"""

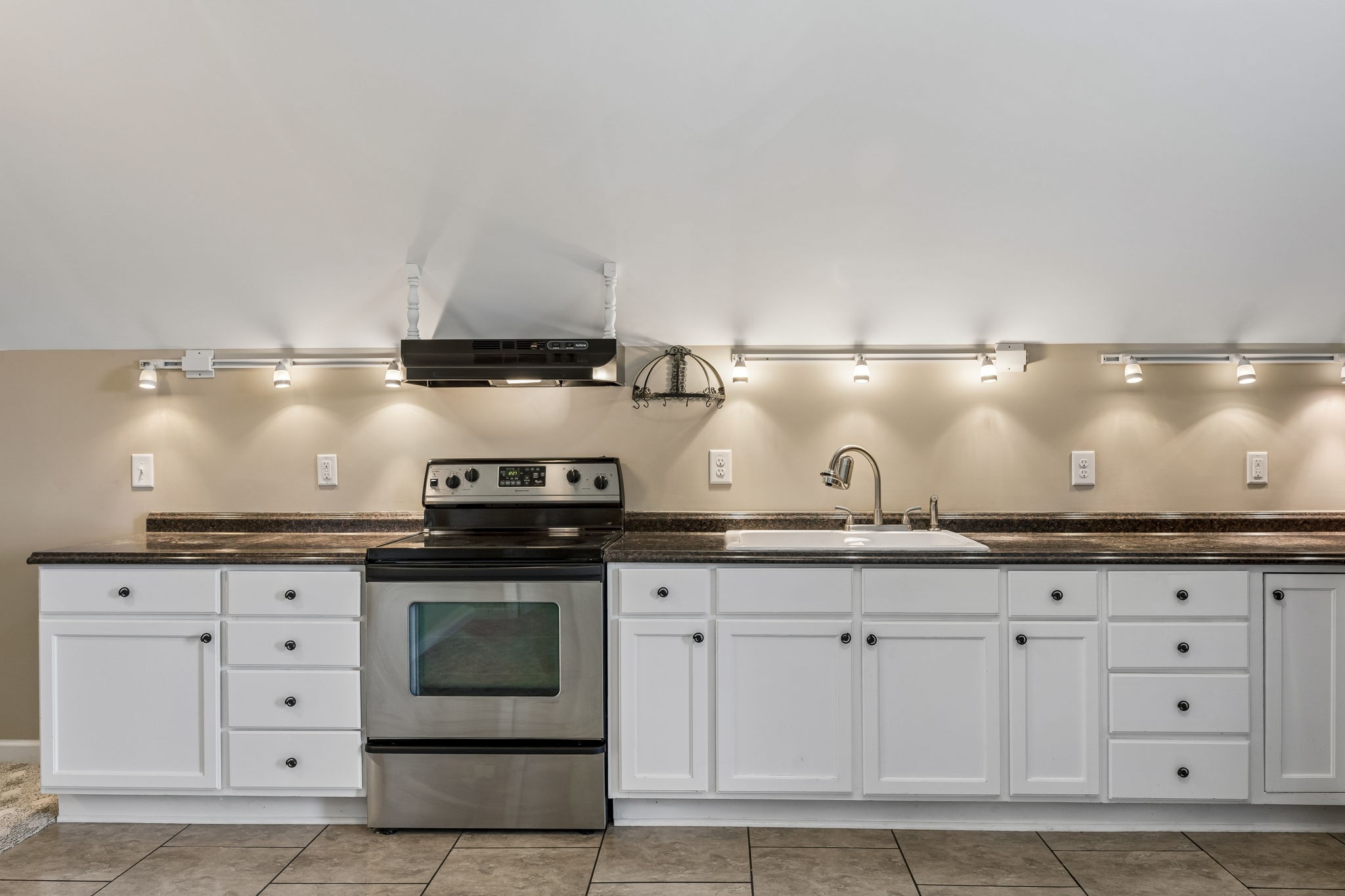 2305 Mustang Way Spring Hill, TN 37174 - Photo 38 of 88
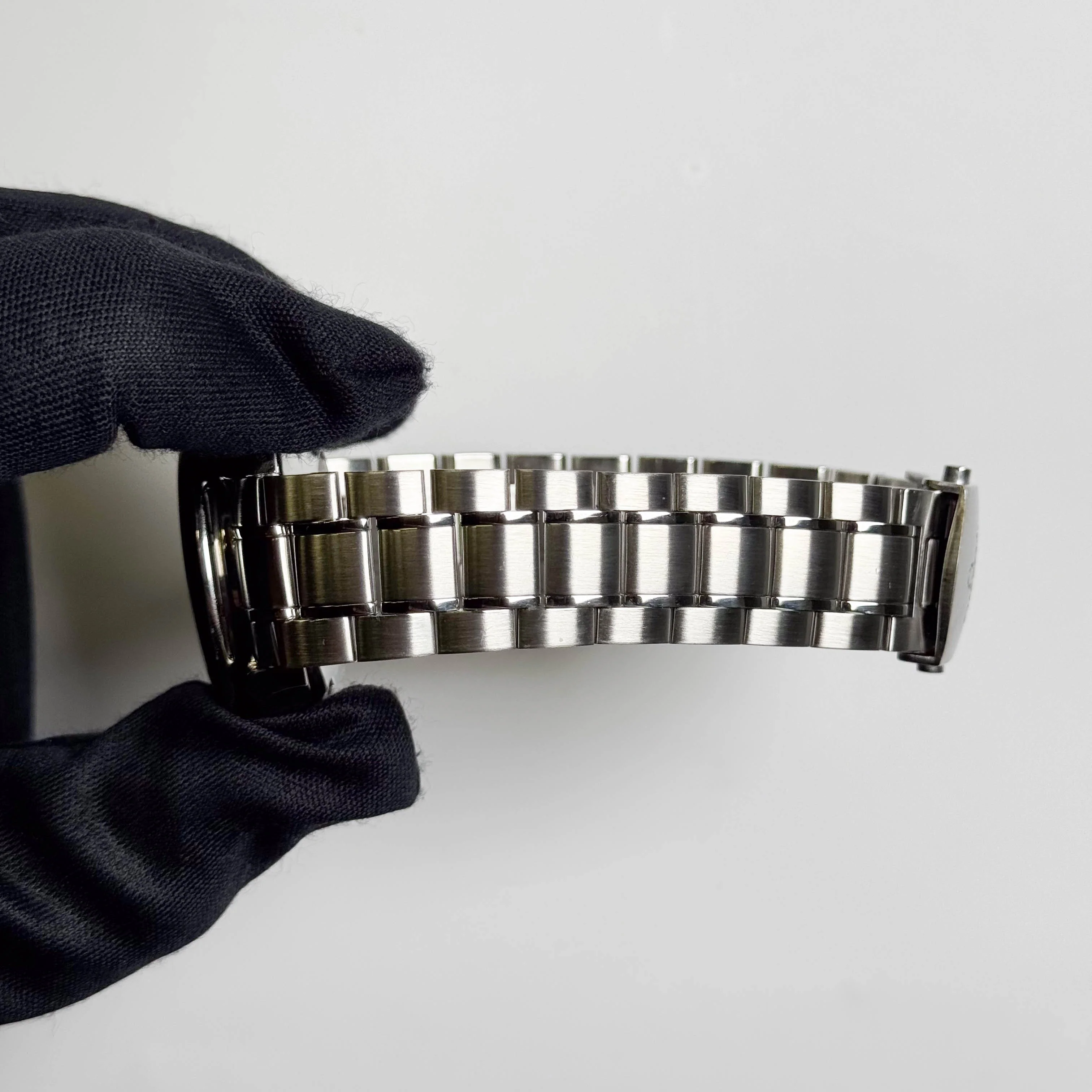 Omega Speedmaster Date 40mm Black Dial Watch Ref# 3210.50.00 - Image 5
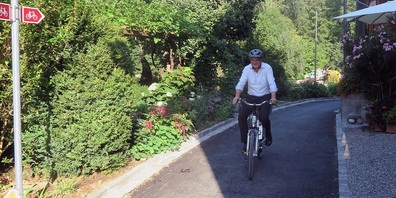 Ein Legislaturziel erreicht und im Weiler Burgau angekommen: Gemeindepräsident Elmar Metzger eröffnete den neuen Radweg mit der Fahrt auf dem gemeindeeigenen E-Bike.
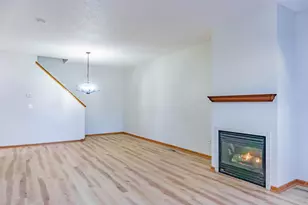 1122 Crystal Pl W, Chaska, MN 55318 - Photo 20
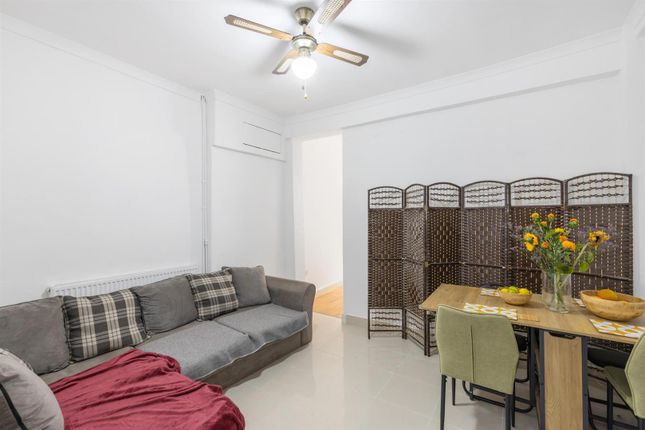 2 bedroom ground floor flat for sale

"""

[YOUR GOAL] The copy must match each record exactly, apart from the images, which stay out.

[TASK OUTPUT]
 2305 Mustang Way Spring Hill, TN 37174 - Photo 38 of 88
 Omega Speedmaster Date 40mm Black Dial Watch Ref# 3210.50.00 - Image 5
 Ein Legislaturziel erreicht und im Weiler Burgau angekommen: Gemeindepräsident Elmar Metzger eröffnete den neuen Radweg mit der Fahrt auf dem gemeindeeigenen E-Bike.
 1122 Crystal Pl W, Chaska, MN 55318 - Photo 20
 2 bedroom ground floor flat for sale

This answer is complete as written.